Les voyageurs seront heureux d’apprendre que les indemnisations que doivent verser les transporteurs aériens en cas de retard ou d’annulation de vol seront harmonisées avec les règles plus avantageuses d’autres pays, notamment en Europe. Alléluia !

Ottawa veut aussi instaurer le droit à la réparabilité des objets brisés et imposer un chargeur universel pour les appareils électroniques, comme l’Union européenne le fera en 2024. Tant mieux ! Cela évitera le coûteux gaspillage qui vide les poches des consommateurs et remplit les dépotoirs.

Il est quand même dommage que le Canada soit à la remorque de l’Europe quand il s’agit de protéger les consommateurs.

Ottawa veut aussi clarifier les règles du jeu dans les hypothèques, alors que la hausse des taux d’intérêt cause de mauvaises surprises à beaucoup de propriétaires. Les prêteurs pourraient devoir leur offrir des mesures d’allégement, même si les modalités restent à définir.

Chose certaine, toutes ces mesures ont le mérite d’améliorer le sort des consommateurs sans faire un trou encore plus gros dans les coffres de l’État.

Car le plus gros problème de ce budget, c’est que le gouvernement libéral continue de dépenser allégrement, accumulant déficit par-dessus déficit.

En plus de la mégafacture pandémique, Ottawa a annoncé 345 milliards de nouvelles dépenses sur cinq ans, depuis 2021, incluant 43 milliards de dépenses dans le budget de mardi, calcule le Conseil canadien des affaires.
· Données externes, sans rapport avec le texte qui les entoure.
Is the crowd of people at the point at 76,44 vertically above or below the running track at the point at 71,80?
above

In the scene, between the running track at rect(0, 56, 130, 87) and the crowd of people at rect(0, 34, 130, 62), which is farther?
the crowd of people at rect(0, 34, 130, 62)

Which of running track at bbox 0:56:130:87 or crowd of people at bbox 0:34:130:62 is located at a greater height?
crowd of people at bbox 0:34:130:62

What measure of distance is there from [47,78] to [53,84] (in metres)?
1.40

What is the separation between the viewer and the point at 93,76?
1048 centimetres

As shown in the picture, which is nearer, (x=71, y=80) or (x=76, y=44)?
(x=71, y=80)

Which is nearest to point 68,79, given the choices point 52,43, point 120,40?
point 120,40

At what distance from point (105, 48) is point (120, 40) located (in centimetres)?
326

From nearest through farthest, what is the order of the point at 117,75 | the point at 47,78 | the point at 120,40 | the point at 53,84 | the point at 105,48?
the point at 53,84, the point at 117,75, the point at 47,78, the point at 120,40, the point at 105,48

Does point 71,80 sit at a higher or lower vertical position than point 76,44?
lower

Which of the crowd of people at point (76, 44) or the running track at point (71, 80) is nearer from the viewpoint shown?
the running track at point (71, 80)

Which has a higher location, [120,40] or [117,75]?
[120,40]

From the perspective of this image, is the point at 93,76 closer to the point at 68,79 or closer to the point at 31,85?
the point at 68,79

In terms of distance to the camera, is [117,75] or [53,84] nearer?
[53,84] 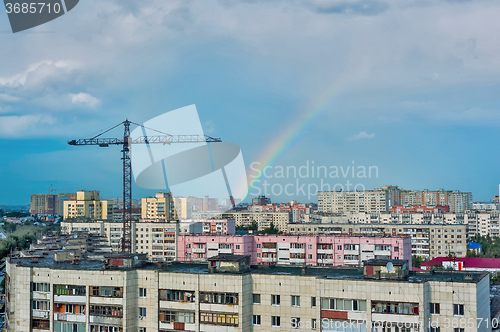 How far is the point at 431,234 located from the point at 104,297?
38.4 m

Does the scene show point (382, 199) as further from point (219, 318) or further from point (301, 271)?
point (219, 318)

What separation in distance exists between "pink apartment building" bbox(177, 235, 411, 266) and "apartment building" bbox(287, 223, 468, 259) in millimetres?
14888

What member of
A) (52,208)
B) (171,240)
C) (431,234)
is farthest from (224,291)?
(52,208)

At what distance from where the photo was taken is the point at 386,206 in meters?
92.5

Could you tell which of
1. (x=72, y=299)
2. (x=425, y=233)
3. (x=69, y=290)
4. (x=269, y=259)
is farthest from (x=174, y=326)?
(x=425, y=233)

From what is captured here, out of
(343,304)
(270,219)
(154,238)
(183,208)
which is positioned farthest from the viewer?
(270,219)

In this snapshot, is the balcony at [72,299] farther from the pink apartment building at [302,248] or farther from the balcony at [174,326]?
the pink apartment building at [302,248]

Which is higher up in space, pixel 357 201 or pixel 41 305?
pixel 357 201

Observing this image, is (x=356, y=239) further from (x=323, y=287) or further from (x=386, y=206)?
(x=386, y=206)

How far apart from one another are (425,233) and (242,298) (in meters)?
36.6

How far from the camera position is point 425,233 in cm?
4525

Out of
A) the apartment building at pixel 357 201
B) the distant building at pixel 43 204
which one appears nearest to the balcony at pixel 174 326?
the apartment building at pixel 357 201

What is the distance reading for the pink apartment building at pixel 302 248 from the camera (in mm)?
28594

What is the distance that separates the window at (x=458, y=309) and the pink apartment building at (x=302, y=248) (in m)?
17.5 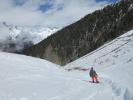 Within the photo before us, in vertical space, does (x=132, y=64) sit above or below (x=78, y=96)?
above

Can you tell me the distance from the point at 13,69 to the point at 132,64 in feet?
45.6

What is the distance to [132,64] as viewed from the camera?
3994 cm

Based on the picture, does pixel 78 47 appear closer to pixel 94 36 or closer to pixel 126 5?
pixel 94 36

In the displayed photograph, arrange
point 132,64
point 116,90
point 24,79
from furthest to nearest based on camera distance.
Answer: point 132,64, point 24,79, point 116,90

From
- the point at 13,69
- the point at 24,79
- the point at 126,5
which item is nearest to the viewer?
the point at 24,79

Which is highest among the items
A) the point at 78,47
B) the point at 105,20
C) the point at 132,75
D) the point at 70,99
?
the point at 105,20

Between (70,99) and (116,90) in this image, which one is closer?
(70,99)

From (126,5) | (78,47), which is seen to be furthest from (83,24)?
(126,5)

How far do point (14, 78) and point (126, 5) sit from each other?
145712 millimetres

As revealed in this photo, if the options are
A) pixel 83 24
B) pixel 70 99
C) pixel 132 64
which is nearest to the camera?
pixel 70 99

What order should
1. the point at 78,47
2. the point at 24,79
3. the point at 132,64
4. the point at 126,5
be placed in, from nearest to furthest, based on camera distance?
the point at 24,79, the point at 132,64, the point at 126,5, the point at 78,47

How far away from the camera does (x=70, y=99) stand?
24.6 meters

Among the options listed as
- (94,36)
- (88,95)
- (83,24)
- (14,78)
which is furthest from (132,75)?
(83,24)

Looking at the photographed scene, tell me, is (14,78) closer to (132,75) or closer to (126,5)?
(132,75) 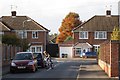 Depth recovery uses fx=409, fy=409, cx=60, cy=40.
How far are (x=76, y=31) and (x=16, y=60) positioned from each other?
177ft

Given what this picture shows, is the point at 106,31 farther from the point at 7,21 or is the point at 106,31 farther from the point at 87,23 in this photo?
the point at 7,21

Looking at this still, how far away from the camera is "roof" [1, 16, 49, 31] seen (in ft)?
271

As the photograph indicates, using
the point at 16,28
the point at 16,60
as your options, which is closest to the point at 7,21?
the point at 16,28

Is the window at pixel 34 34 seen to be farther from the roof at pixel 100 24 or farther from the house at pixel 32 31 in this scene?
the roof at pixel 100 24

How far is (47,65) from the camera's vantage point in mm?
36969

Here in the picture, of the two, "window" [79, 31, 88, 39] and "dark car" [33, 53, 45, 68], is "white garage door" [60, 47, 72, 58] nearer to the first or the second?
"window" [79, 31, 88, 39]

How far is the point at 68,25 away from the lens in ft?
351

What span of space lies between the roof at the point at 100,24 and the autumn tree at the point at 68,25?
70.7ft

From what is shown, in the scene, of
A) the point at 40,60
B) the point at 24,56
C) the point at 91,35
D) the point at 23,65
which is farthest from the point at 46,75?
the point at 91,35

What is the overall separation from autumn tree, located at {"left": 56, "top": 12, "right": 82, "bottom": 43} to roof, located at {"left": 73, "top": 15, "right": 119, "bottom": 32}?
21.5 m

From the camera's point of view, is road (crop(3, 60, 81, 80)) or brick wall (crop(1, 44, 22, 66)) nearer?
road (crop(3, 60, 81, 80))

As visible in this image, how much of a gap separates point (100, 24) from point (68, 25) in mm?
23624

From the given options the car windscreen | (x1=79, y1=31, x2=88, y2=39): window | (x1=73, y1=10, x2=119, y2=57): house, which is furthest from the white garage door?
the car windscreen

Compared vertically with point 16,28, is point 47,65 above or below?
below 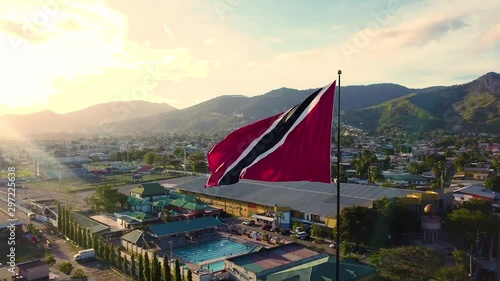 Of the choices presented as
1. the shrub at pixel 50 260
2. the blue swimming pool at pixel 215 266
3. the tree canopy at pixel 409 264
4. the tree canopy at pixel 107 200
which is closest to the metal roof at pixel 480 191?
the tree canopy at pixel 409 264

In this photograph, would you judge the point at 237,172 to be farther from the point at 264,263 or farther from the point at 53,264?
the point at 53,264

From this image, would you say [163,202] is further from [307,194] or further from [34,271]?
[34,271]

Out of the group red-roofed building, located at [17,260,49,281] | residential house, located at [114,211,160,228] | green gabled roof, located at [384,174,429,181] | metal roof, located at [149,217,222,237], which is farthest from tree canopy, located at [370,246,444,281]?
green gabled roof, located at [384,174,429,181]

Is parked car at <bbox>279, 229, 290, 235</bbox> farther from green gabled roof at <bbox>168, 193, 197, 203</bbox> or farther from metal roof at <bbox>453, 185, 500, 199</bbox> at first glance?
metal roof at <bbox>453, 185, 500, 199</bbox>

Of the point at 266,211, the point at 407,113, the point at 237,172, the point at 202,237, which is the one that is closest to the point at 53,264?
the point at 202,237

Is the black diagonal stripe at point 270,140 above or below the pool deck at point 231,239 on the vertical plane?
above

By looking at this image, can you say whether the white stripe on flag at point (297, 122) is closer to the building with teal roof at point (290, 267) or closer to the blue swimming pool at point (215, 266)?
the building with teal roof at point (290, 267)
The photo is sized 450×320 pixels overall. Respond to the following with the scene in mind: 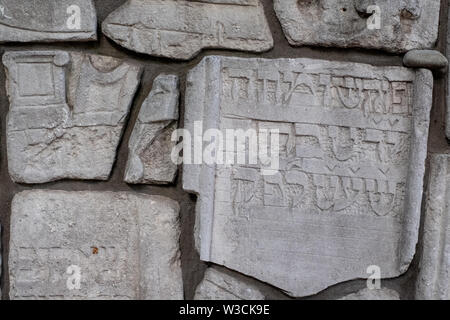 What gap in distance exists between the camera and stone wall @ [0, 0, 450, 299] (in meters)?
1.33

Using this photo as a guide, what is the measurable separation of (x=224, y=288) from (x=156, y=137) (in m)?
0.43

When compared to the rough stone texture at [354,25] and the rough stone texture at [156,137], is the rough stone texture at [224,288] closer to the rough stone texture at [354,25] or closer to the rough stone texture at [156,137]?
the rough stone texture at [156,137]

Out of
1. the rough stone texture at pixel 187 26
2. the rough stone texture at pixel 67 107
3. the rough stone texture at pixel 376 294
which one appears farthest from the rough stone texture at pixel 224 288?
the rough stone texture at pixel 187 26

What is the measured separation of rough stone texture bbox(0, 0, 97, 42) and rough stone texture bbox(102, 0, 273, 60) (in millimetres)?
50

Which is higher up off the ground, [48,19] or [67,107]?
[48,19]

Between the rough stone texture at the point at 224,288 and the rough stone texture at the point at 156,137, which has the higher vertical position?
the rough stone texture at the point at 156,137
C’est irresponsable. Surtout qu’Ottawa repousse toujours à plus tard ses objectifs d’assainir les finances publiques.

Lors de l’énoncé budgétaire de novembre dernier, le gouvernement prévoyait revenir à l’équilibre en 2027-2028, avec un surplus de 4,5 milliards. Oups ! Avec les nouvelles dépenses, ce surplus s’est transformé en déficit de 14 milliards. Et l’équilibre budgétaire a à nouveau disparu, comme un perpétuel mirage.

Même le ratio dette-PIB, qui servait d’ancrage budgétaire aux libéraux, recommence à grimper. Et les frais d’intérêt sur la dette vont doubler, passant de 24,5 milliards en 2021-2022 à 46 milliards en 2024-2025.

Bref, ça commence à coûter cher de dépenser sur la carte de crédit.

Il est temps de fixer des cibles claires dans une loi, comme le Québec l’a fait depuis longtemps, ce qui lui a permis d’assainir ses finances publiques de façon remarquable.

Tous les pays de l’OCDE ont ce genre d’ancrages budgétaires inscrits dans la loi, selon l’Institut CD Howe. Tous sauf la Corée du Sud, la Turquie… et le Canada.

À Ottawa, il est temps de jeter l’ancre pour éviter la dérive de nos finances publiques.

Une version précédente de cet éditorial affirmait que le déploiement du programme d’assurance dentaire serait accéléré, ce qui n’est pas le cas.